Task prompt:
Your output should be the lines from the start of the data through the line containing "Meidl: Sand Leather", exactly and nothing more.
++++++++
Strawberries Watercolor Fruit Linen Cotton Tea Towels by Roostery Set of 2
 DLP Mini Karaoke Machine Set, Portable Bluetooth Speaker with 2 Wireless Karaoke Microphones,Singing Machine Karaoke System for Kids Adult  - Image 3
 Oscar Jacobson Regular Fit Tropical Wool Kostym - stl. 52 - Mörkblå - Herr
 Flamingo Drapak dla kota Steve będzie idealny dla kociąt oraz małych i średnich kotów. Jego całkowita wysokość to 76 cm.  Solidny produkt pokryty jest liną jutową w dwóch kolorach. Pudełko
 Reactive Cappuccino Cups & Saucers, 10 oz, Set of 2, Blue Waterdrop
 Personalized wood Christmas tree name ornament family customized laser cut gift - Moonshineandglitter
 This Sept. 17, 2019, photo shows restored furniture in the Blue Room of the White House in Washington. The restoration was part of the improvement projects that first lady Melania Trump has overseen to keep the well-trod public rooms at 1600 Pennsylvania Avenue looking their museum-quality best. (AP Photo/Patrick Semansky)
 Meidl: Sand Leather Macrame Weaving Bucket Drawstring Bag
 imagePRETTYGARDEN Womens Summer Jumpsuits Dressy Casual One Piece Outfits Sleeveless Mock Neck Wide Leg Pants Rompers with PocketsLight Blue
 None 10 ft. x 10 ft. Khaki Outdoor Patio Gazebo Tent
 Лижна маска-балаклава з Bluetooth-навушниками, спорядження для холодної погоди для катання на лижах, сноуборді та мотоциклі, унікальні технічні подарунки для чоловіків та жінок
++++++++
Written response:
Strawberries Watercolor Fruit Linen Cotton Tea Towels by Roostery Set of 2
 DLP Mini Karaoke Machine Set, Portable Bluetooth Speaker with 2 Wireless Karaoke Microphones,Singing Machine Karaoke System for Kids Adult  - Image 3
 Oscar Jacobson Regular Fit Tropical Wool Kostym - stl. 52 - Mörkblå - Herr
 Flamingo Drapak dla kota Steve będzie idealny dla kociąt oraz małych i średnich kotów. Jego całkowita wysokość to 76 cm.  Solidny produkt pokryty jest liną jutową w dwóch kolorach. Pudełko
 Reactive Cappuccino Cups & Saucers, 10 oz, Set of 2, Blue Waterdrop
 Personalized wood Christmas tree name ornament family customized laser cut gift - Moonshineandglitter
 This Sept. 17, 2019, photo shows restored furniture in the Blue Room of the White House in Washington. The restoration was part of the improvement projects that first lady Melania Trump has overseen to keep the well-trod public rooms at 1600 Pennsylvania Avenue looking their museum-quality best. (AP Photo/Patrick Semansky)
 Meidl: Sand Leather Macrame Weaving Bucket Drawstring Bag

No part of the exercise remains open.